How will AI Impact Us at Work?
The final portion of the study analyzed the outlook on artificial intelligence. When it comes to the role of AI in reducing the gap between highly educated and uneducated people, the opinions are divided for the most part. 52% believe there will be no change, while 28% say the gap will be reduced, while, 20% claim the gap will actually increase.
In terms of the effects of AI on the workplace, Romania hovered around at the global average, which is 27% for the effects of AI on employee specific tasks. Other nations showed similar figures with France at 27%, UK at 21%, USA at 22%, and Canada at 23%, while China led the race with 52%. The global average on the impact on types of development was 26% with Romania not far off at 24%, Canada at 23%, followed by USA at 19%, and UK at 19%. On the other end of the spectrum we see China with 51%, Germany with 33% and Spain with 34%. Another question looked at was the effects on how the work is organized. Romania scored a 31% surpassing the global average at 24%, and trailing behind Germany at 34%, and China at 43%. The last impacted area was the hiring process and the types of employees hired. China led with 45% while Romania trailed with 27%, however, still above the global average at 22%.

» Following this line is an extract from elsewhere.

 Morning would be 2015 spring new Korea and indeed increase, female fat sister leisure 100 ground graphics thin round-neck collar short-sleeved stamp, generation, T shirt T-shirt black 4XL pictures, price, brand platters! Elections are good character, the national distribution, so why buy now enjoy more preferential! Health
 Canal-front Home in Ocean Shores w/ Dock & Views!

A much more interesting view is given by the answers to the perceived AI dangers. Romania’s fear levels when it comes to technology and AI are far below the global averages. With only 42% claiming more surveillance would be a concern, the global average far surpassed this number with 76%. Only 31% were afraid of job losses, 38% of work dehumanization, and only 28% of ethical problems, compared to global averages of 68, 65, and 64%, respectively.
The same can be said about the perceived AI consequences and the associated feelings, where Romania’s “positive” emotions far outweighed the “negative” ones, in stark contrast to the world average. As follows, Romania’s scores on curiosity, optimist, and confidence were 78%, 57%, and 33%, respectively, exceeding the global averages, of only 60%, 35%, and 17%, respectively. The positive outlook on AI in Romania is further reinforced by the scores in the negative “emotion” areas regarding concern, and anxiety where the numbers were only 21% and 11%, respectively, below the global average numbers at 40% and 15%, respectively. The global average for rejection against the whole AI concept was 12% while Romania scored a remarkable 1%, concluding its positive attitude towards AI.